Following are some places to look to gauge the economic fallout from the tumult in the banking sector. It should be noted, though, that some of these indicators have already retreated in recent months, which will make deciphering their significance even more challenging:
Financial turmoil has some people wondering if a systemic problem is putting all banks in peril, as in the Great Recession. Experts say that isn’t the case.
Each Friday around 4:15 p.m. in Washington the Fed releases a slew of information on assets and liabilities at the nation’s commercial banks. Statistics on consumer, real estate and commercial loans are all included, as well as broken out into broader categories based on bank size.
The report, known as the H.8, will be closely watched by economists and investors for insight into lending patterns and deposits at both regional banks and the nation’s biggest banks.
The Senior Loan Officer Opinion Survey on Bank Lending Practices is a quarterly survey of up to 80 large domestic banks and 24 U.S. branches of foreign banks that also offers insight into lending standards as well as demand for and loans to businesses and households.
While not a high-frequency measure, the next report will be released in April — an opportune insight in the wake of the turbulence seen in March. Indications of a tightening of bank lending standards may raise concerns about the economy’s prospects.
Consumer confidence is fickle and fragile, and while certainly not perfect, it can at times help signal changes in personal spending.
To fight inflation\, the Fed has historically raised interest rates. But in times of uncertainty, rate hikes could cause an overcorrection — and a recession.
Early indications are that the upheaval in the banking sector is having an effect. A measure by Penta and CivicScience showed confidence in the U.S. economy fell by the most since June in the two weeks that ended March 14.

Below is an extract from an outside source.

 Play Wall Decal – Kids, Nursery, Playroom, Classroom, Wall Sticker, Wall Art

The University of Michigan’s March survey of consumers, released Friday, was conducted Feb. 22-March 15. About 85% of the interviews were completed prior to the failure of Silicon Valley Bank, according to the report. The data indicated little impact on confidence, but the final index, out March 31, may offer a fuller picture of consumers’ initial reaction to the bank failures. The data are released twice a month.
The Conference Board has a similar measure, which is due on March 28.
Credit Card Spending
A key way to assess whether Americans are pulling back on spending is through credit card data.

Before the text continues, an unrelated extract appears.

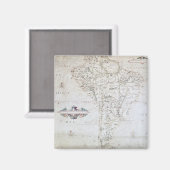 Aimant Carte de l'Amérique du Sud (Recto/Verso)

The Bureau of Economic Analysis estimates spending on a variety of services and merchandise using daily payment card data. Unlike personal spending data that are released monthly and with a significant lag, BEA data generally are updated weekly.
Several private sources also regularly provide insights into consumer spending patterns, including Bank of America and Visa.
The Census Bureau’s Business Trends and Outlook Survey offers one way to get timely insight into firms across the economy. The survey is sent out to roughly 200,000 businesses every two weeks and includes figures on performance, revenue, employees and hours worked. The next release will include the two weeks ending March 26.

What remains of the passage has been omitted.